Update to bsnes v033r05? release.

New WIP.

After some more hardware testing, it seems my theory from before was
correct. See the HDMA thread for more info if you care.

With those changes plus a few others, I'm now able to get everything
in my "known troublesome" games list to work properly and with no
flickering:
- Breath of Fire 2 (G)
- Earthworm Jim 2 (U+E)
- Energy Breaker
- Jumbo Osaki no Hole in One
- Mecarobot Golf
- Secret of Mana
- Street Racer
- Super Mario Kart

I still can't get Street Racer to flicker, maybe you guys can?
Hopefully not, such a hard-to-trigger bug will be even harder to
debug.

Image
(ignore the framerate, from a pause/resume screen capture.)

And fucking _hell_ that game is hard.

Note that to get BoF2 (G) to work, I had to modify S-SMP cycle timing
from 32040hz*768 to 32041hz*768. It seems the game is very sensitive
to S-CPU <> S-SMP timing, and the improved HDMA timing was just
unlucky enough to just _barely_ miss the handshake. This was further
compounded by there being no input before the point in question to
vary timing.

It's not really a problem with the game itself -- d4s really pushed
the limits of these two chips to pull off that impressive intro. It
was more that I was hitting an extremely tiny window of time that
caused a deadlock.

This timing change only affects S-CPU <> S-SMP communications (eg
handshakes and such), and not timing inside each individual processor.
Recall that both processors in both regions (NTSC and PAL) have
slightly different timings, and the exact timings vary even on real
hardware, as the crystal clocks used are not perfect.

The NTSC S-SMP has been observed at ~32040hz on an oscilloscope by the
guy at alpha-ii.com, which is faster than the stock speed of ~32000hz.
But we still use stock speeds for the S-CPU because that's all we
have. Changing the S-CPU speed a bit would've fixed this as well.

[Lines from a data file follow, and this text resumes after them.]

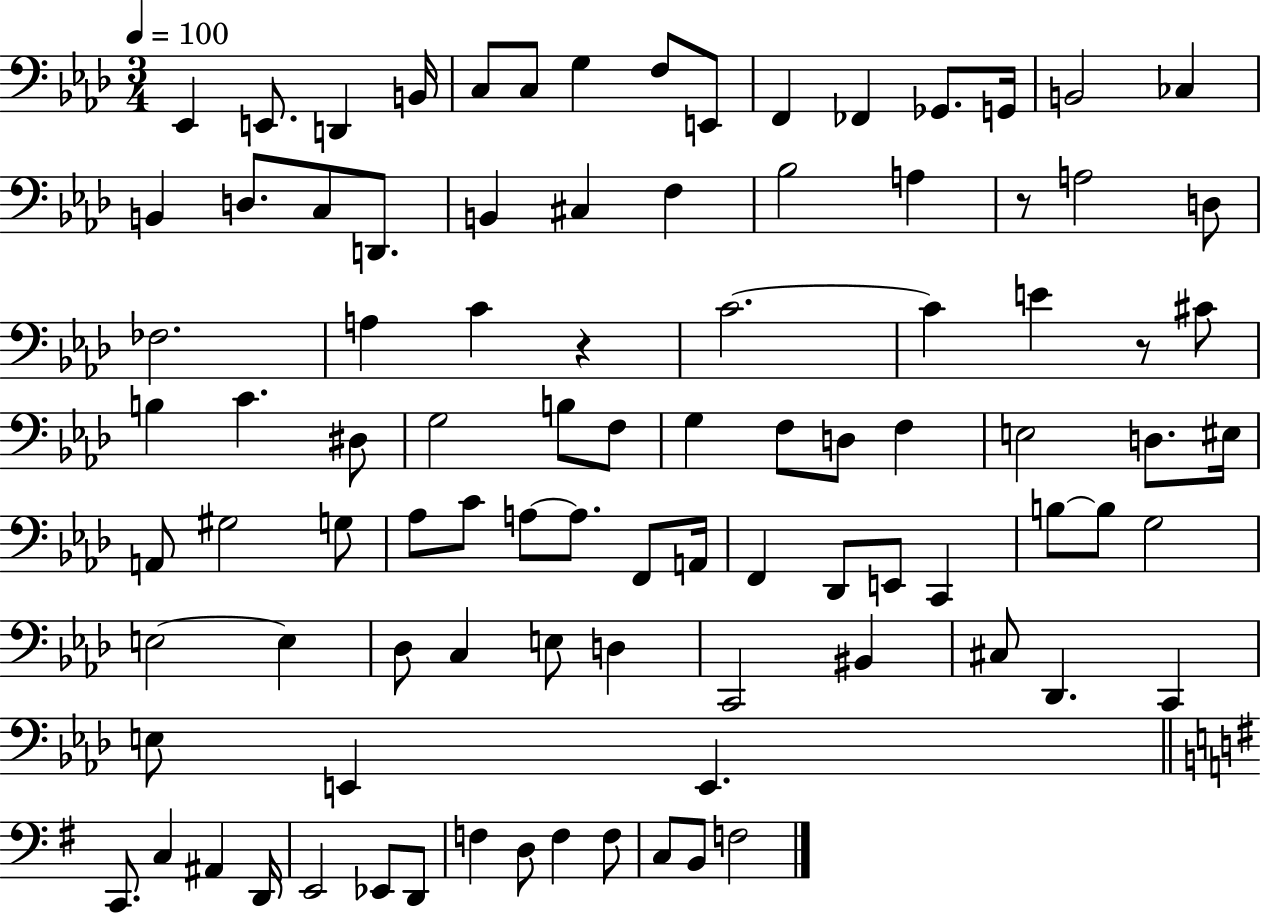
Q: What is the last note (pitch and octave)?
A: F3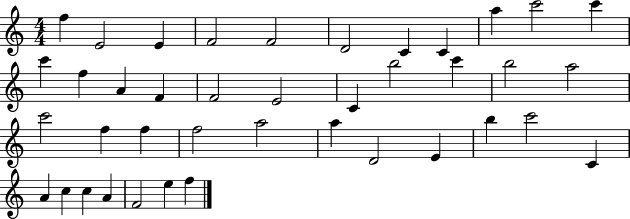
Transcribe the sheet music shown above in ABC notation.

X:1
T:Untitled
M:4/4
L:1/4
K:C
f E2 E F2 F2 D2 C C a c'2 c' c' f A F F2 E2 C b2 c' b2 a2 c'2 f f f2 a2 a D2 E b c'2 C A c c A F2 e f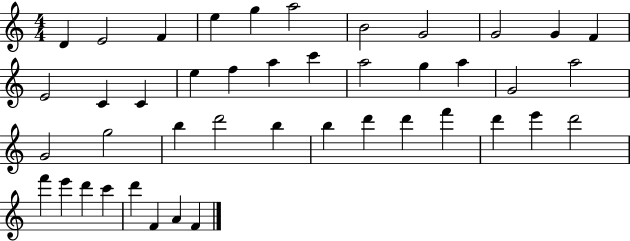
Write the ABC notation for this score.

X:1
T:Untitled
M:4/4
L:1/4
K:C
D E2 F e g a2 B2 G2 G2 G F E2 C C e f a c' a2 g a G2 a2 G2 g2 b d'2 b b d' d' f' d' e' d'2 f' e' d' c' d' F A F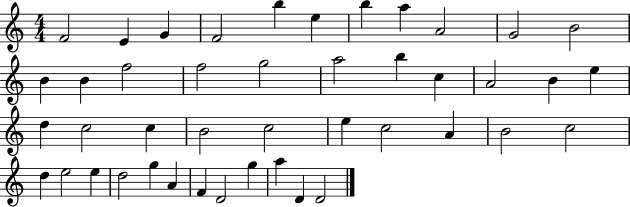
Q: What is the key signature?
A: C major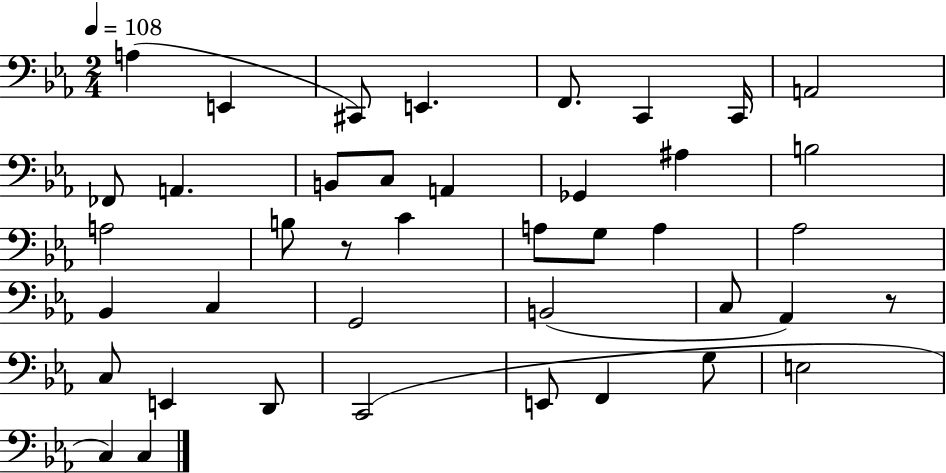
A3/q E2/q C#2/e E2/q. F2/e. C2/q C2/s A2/h FES2/e A2/q. B2/e C3/e A2/q Gb2/q A#3/q B3/h A3/h B3/e R/e C4/q A3/e G3/e A3/q Ab3/h Bb2/q C3/q G2/h B2/h C3/e Ab2/q R/e C3/e E2/q D2/e C2/h E2/e F2/q G3/e E3/h C3/q C3/q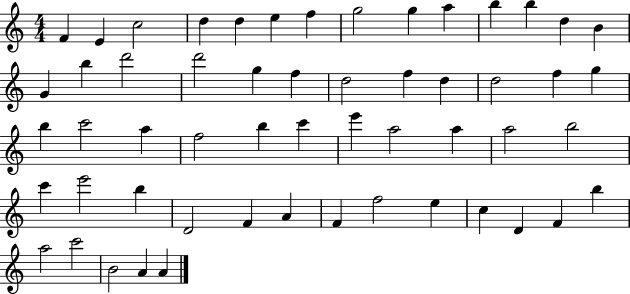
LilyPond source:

{
  \clef treble
  \numericTimeSignature
  \time 4/4
  \key c \major
  f'4 e'4 c''2 | d''4 d''4 e''4 f''4 | g''2 g''4 a''4 | b''4 b''4 d''4 b'4 | \break g'4 b''4 d'''2 | d'''2 g''4 f''4 | d''2 f''4 d''4 | d''2 f''4 g''4 | \break b''4 c'''2 a''4 | f''2 b''4 c'''4 | e'''4 a''2 a''4 | a''2 b''2 | \break c'''4 e'''2 b''4 | d'2 f'4 a'4 | f'4 f''2 e''4 | c''4 d'4 f'4 b''4 | \break a''2 c'''2 | b'2 a'4 a'4 | \bar "|."
}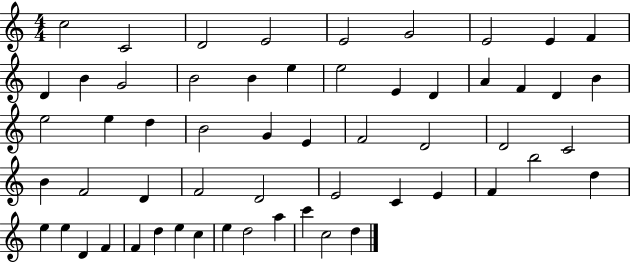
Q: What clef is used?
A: treble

So yeah, the fix is a bit of a kludge, but it's the best I can do when
the problem is in communication between the two chips.

Keep in mind that the S-SMP clock rates are cached in the config file.
You'll either need to delete it, or reset the values to the default in
the advanced panel. Otherwise the game will hang on first run.

Also, I tightened DMA transfer restrictions even more. A-bus accesses
to $4200-421f and $4016-4017 are now blocked. And I also block these
during HDMA line counter / indirect address fetches (as observed on
hardware.) Further, I was previously allowing invalid B->A transfers
to still write the the MMIO reg specified in A, but ignoring the B-bus
read. This seemed wrong: not being able to access the reg should mean
not being able to access it period, so I swapped that around.
Shouldn't affect any known games, but mentioning it just in case.

> Perfect timing matching isn't needed, the games are broken if they
> can't take a normal sized delay for this.


Mortal Kombat II breaks if you're exactly 6 cycles off from expected
timing (but works if you're more than six cycles off.) Jumbo Osaki was
failing by 20 cycles. Wild Guns fails if off by two cycles. A couple
other games were the same. There are roughly _21 million cycles_ in a
second.

Death Brade and some European racing game break if _uninitialized RAM_
doesn't return the values they like.

Uniracers is quite simply _beyond_ broken.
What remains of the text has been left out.